## What the task requires
Restate the records below word for word, and omit the images they hold.

Raw data Block Start

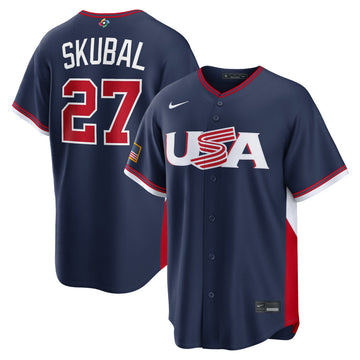 Men's #27 Tarik Skubal USA 2026 World Baseball Classic Baseball Jersey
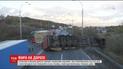 На Окружной в Киеве, где накануне перевернулась фура, разблокировали движение авто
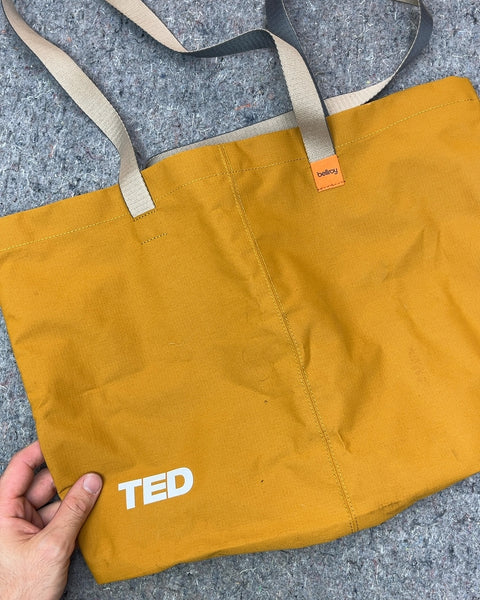 Bellroy x TED Yellow Tote Bag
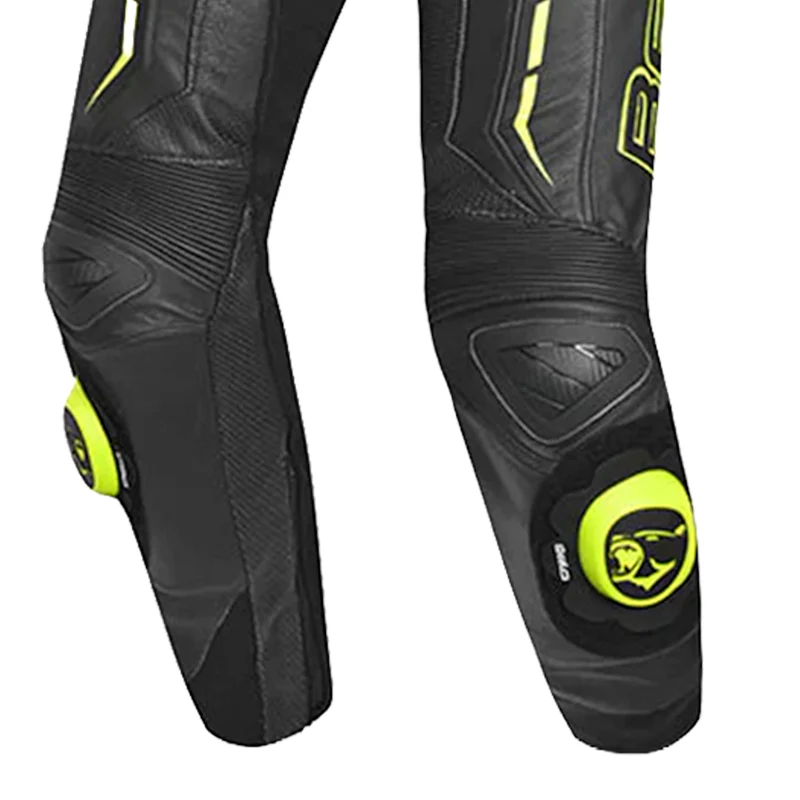 BELA ROCKET MIX KANGAROO 2 PC MONO DE MOTO HOMBRE NEGRO AMARILLO FLOUR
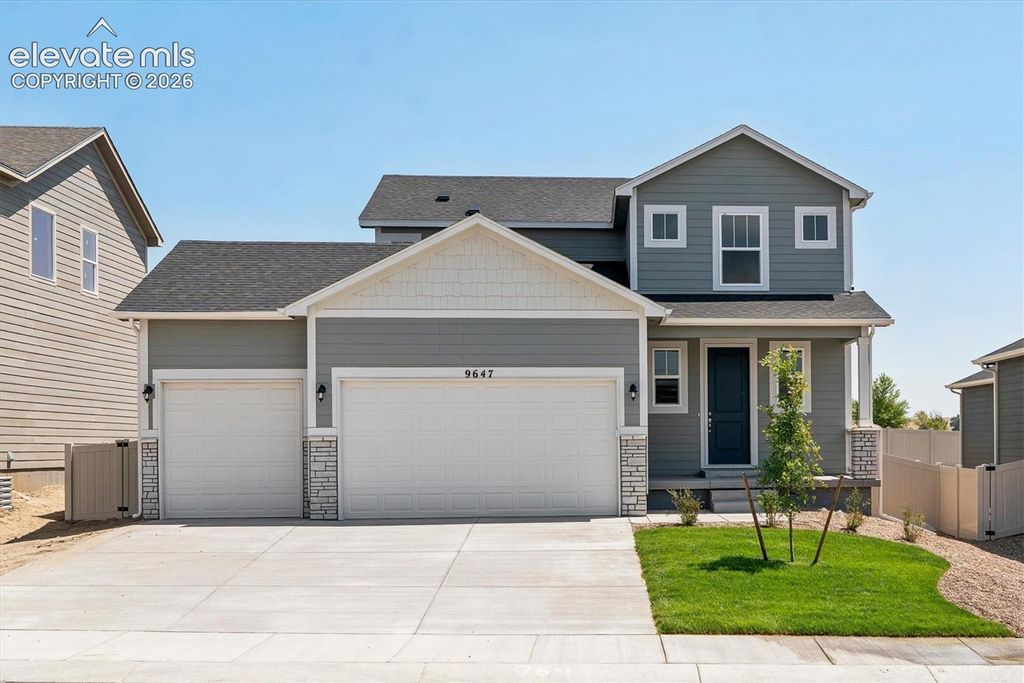 9647 Blaurock Drive, Fountain, CO 80817 — exterior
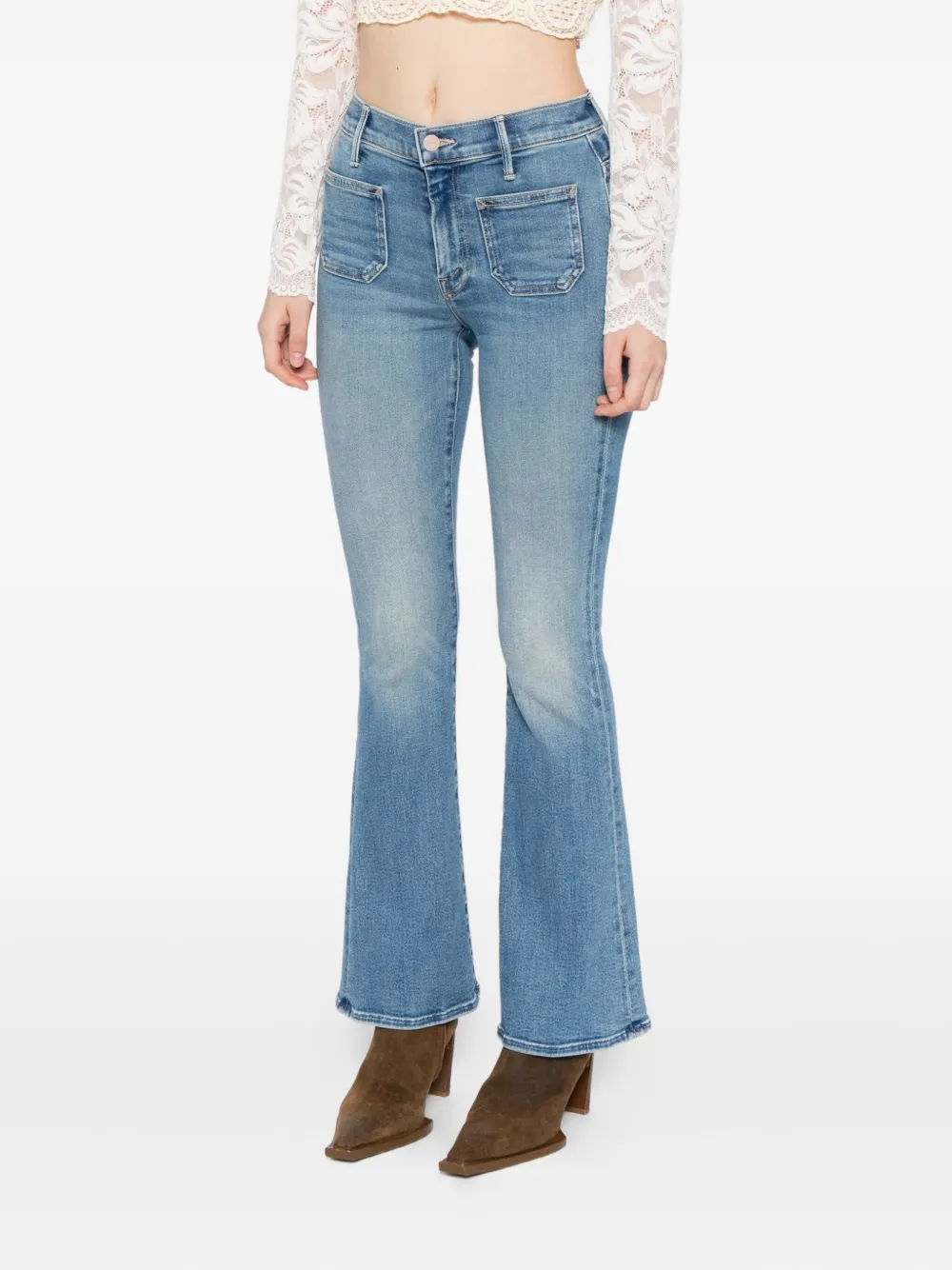 Mother The Weekender Jeans In Blue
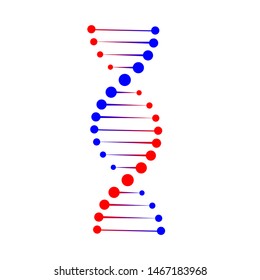 DNA structure icon. Vector molecule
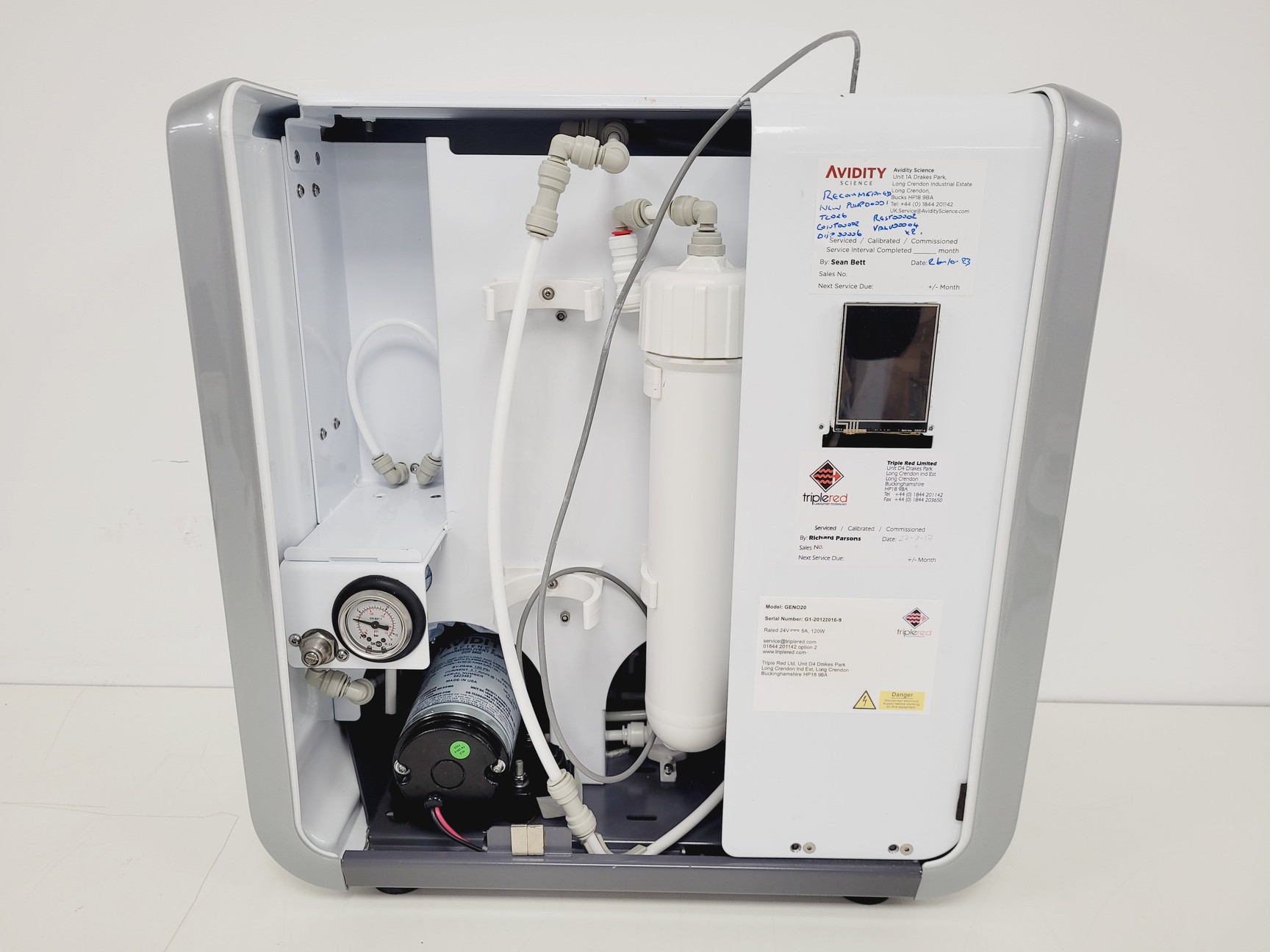 Image of Triple Red Geno 20 RO/DI Water System w/ Tripe Red TANK30 Water Tank 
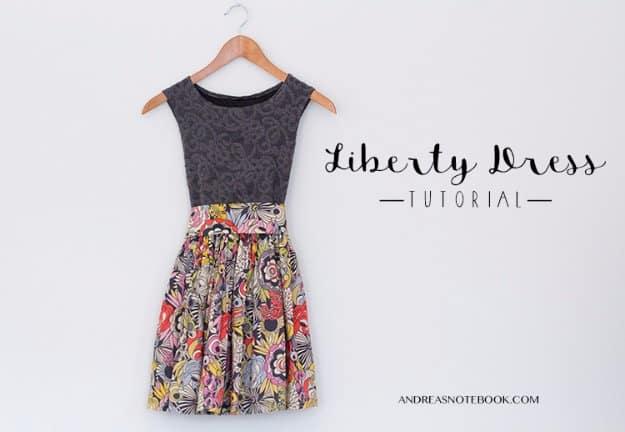 DIY Sewing Gift Ideas for Adults and Kids, Teens, Women, Men and Baby - Gorgeous Liberty Dress Tutorial - Cute and Easy DIY Sewing Projects Make Awesome Presents for Mom, Dad, Husb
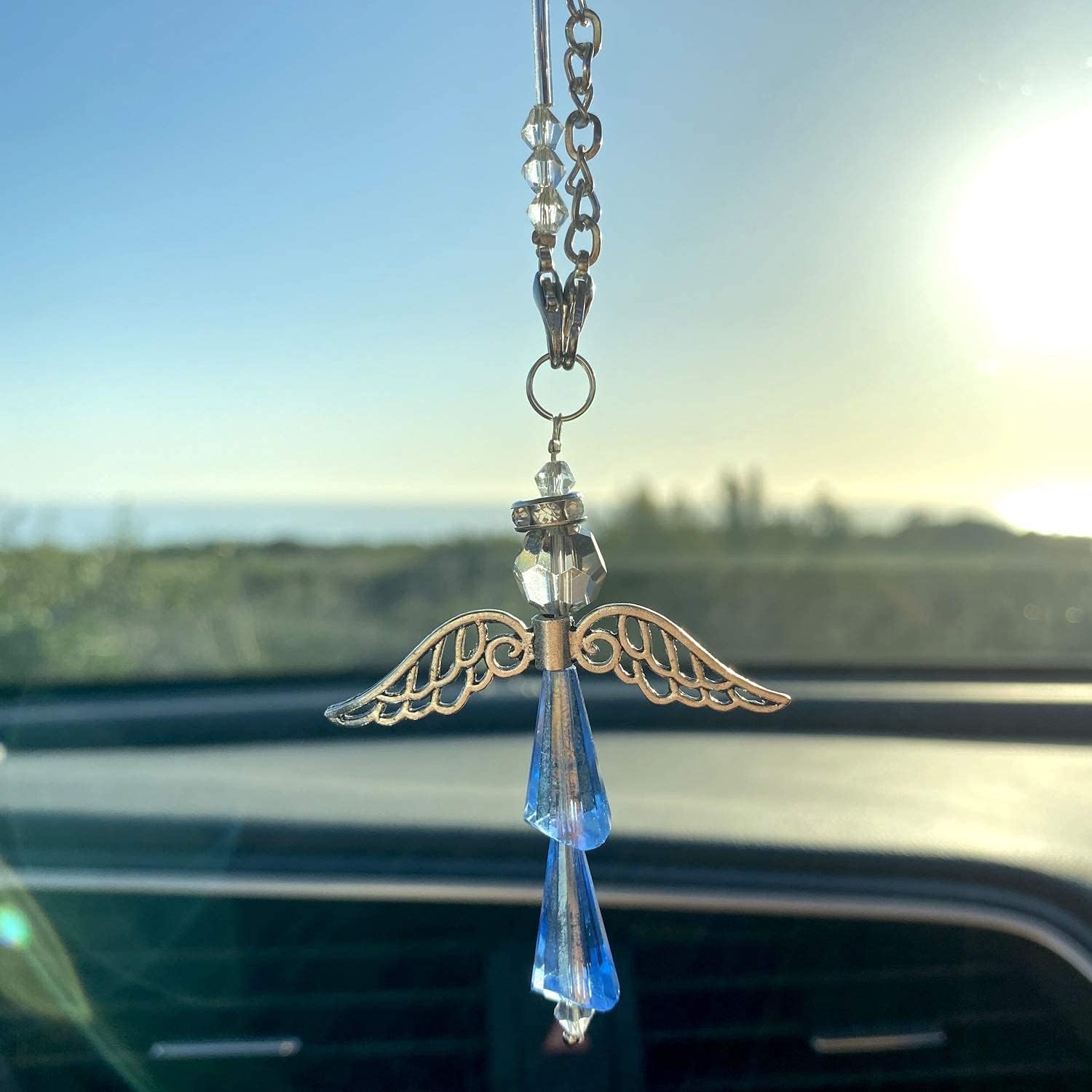Crystal Angel Charm for Protection Guardian Angel Car Charms Happiness Crystal Car Hanging Ornament Ideal Guardian Angel Gifts-April Diamond Guardian Angel Car & Windows Faith and Love Crystal Angel Charm for Protection Guardian Angel Car Charms Happiness Crystal Car Hanging Ornament Ideal Guardian Angel Gifts-April Diamond Guardian Angel Car & Windows Faith and Love
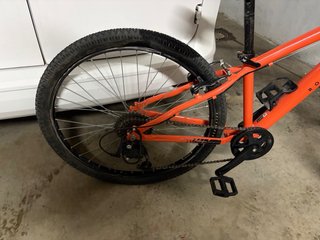 Bicicleta Rockrider Naranja 26 pulgadas  Poco Uso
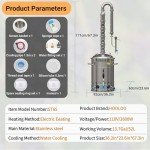 HOOLOO 13.7Gal Alcohol Distiller Kit for Home Brewing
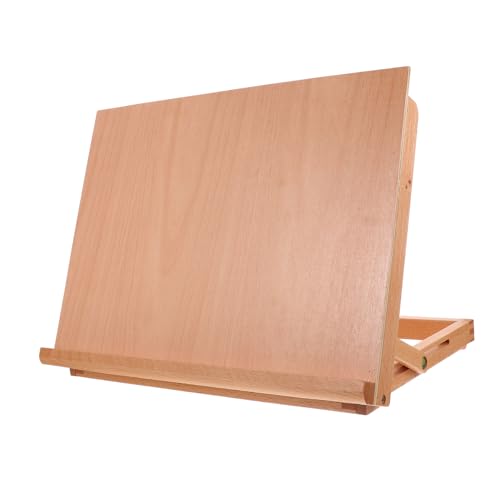 Lurrose Klappbare Desktop-malerei Anzeige Desktop -staffelei Schoß Tabletop -staffeln Zum Malen Staffelei-tischplatte Malstaffelei Laptop-riser Für Den Schreibtisch Kippen Stehpult Holz von Lurrose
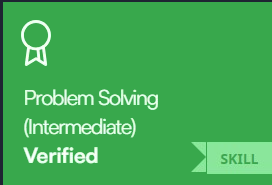 PROBLEM SOLVING (INTERMEDIATE) PROBLEM SOLVING (INTERMEDIATE)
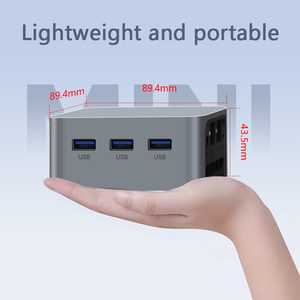 كمبيوتر Intel N95 Mini PC 16GB Ddr4 <span class=keywords><strong>2</strong></span> Nvme Wifi6 كمبيوتر ألعاب صغير مع جسم صغير - Product Image 2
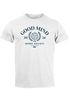 Herren T-Shirt Sport Volleyball Grafik Good Mind Sport Society Fashion Retro Streetstyle Neverless®preview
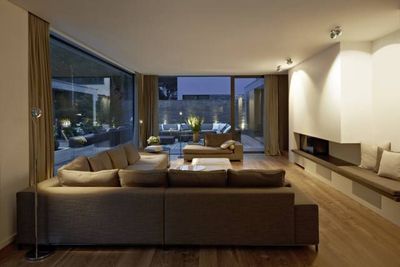 io 3d lettura vloerlamp. Brons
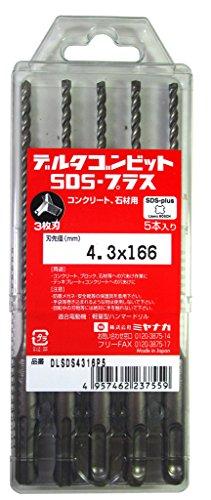 ミヤナガ DLSDS Φ4.3×166 5本パック DLSDS4316P5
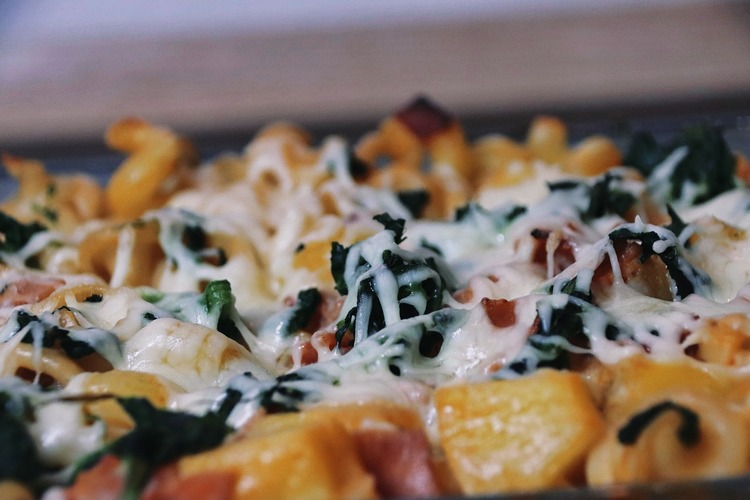 Pasta Recipe - Baked Ziti with Spinach and Pineapple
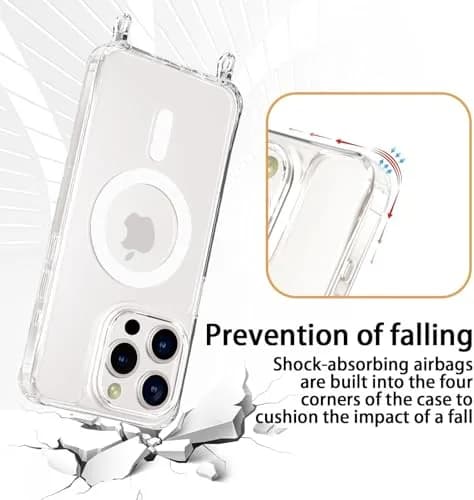 UnnFiko Crossbody Phone Lanyard for iPhone 16 Pro Max | Shockproof Magnetic Case with Strap thumbnail 8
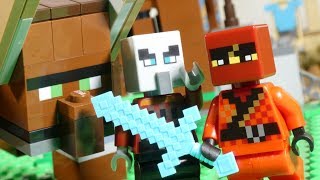 LEGO MINECRAFT KAI V'S ILLAGERS 2 + BATTLE COMPILATION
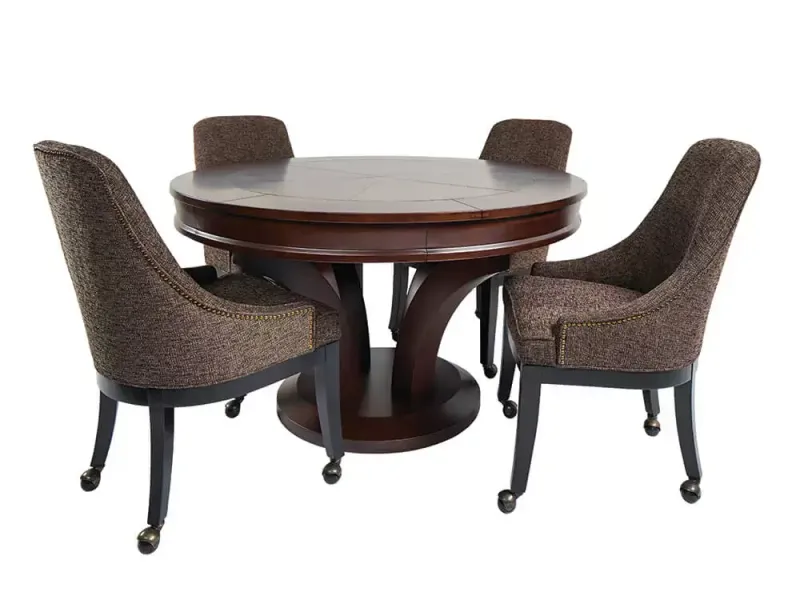 Presidential Hamilton Game Table Set with 4 Chairs - Espresso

Raw data Block End

## Answer
 Men's #27 Tarik Skubal USA 2026 World Baseball Classic Baseball Jersey
 На Окружной в Киеве, где накануне перевернулась фура, разблокировали движение авто
 Bellroy x TED Yellow Tote Bag
 BELA ROCKET MIX KANGAROO 2 PC MONO DE MOTO HOMBRE NEGRO AMARILLO FLOUR
 9647 Blaurock Drive, Fountain, CO 80817 — exterior
 Mother The Weekender Jeans In Blue
 DNA structure icon. Vector molecule
 Image of Triple Red Geno 20 RO/DI Water System w/ Tripe Red TANK30 Water Tank 
 DIY Sewing Gift Ideas for Adults and Kids, Teens, Women, Men and Baby - Gorgeous Liberty Dress Tutorial - Cute and Easy DIY Sewing Projects Make Awesome Presents for Mom, Dad, Husb
Crystal Angel Charm for Protection Guardian Angel Car Charms Happiness Crystal Car Hanging Ornament Ideal Guardian Angel Gifts-April Diamond Guardian Angel Car & Windows Faith and Love Crystal Angel Charm for Protection Guardian Angel Car Charms Happiness Crystal Car Hanging Ornament Ideal Guardian Angel Gifts-April Diamond Guardian Angel Car & Windows Faith and Love
 Bicicleta Rockrider Naranja 26 pulgadas  Poco Uso
 HOOLOO 13.7Gal Alcohol Distiller Kit for Home Brewing
 Lurrose Klappbare Desktop-malerei Anzeige Desktop -staffelei Schoß Tabletop -staffeln Zum Malen Staffelei-tischplatte Malstaffelei Laptop-riser Für Den Schreibtisch Kippen Stehpult Holz von Lurrose
 PROBLEM SOLVING (INTERMEDIATE) PROBLEM SOLVING (INTERMEDIATE)
 كمبيوتر Intel N95 Mini PC 16GB Ddr4 <span class=keywords><strong>2</strong></span> Nvme Wifi6 كمبيوتر ألعاب صغير مع جسم صغير - Product Image 2
 Herren T-Shirt Sport Volleyball Grafik Good Mind Sport Society Fashion Retro Streetstyle Neverless®preview
 io 3d lettura vloerlamp. Brons
 ミヤナガ DLSDS Φ4.3×166 5本パック DLSDS4316P5
 Pasta Recipe - Baked Ziti with Spinach and Pineapple
 UnnFiko Crossbody Phone Lanyard for iPhone 16 Pro Max | Shockproof Magnetic Case with Strap thumbnail 8
 LEGO MINECRAFT KAI V'S ILLAGERS 2 + BATTLE COMPILATION
 Presidential Hamilton Game Table Set with 4 Chairs - Espresso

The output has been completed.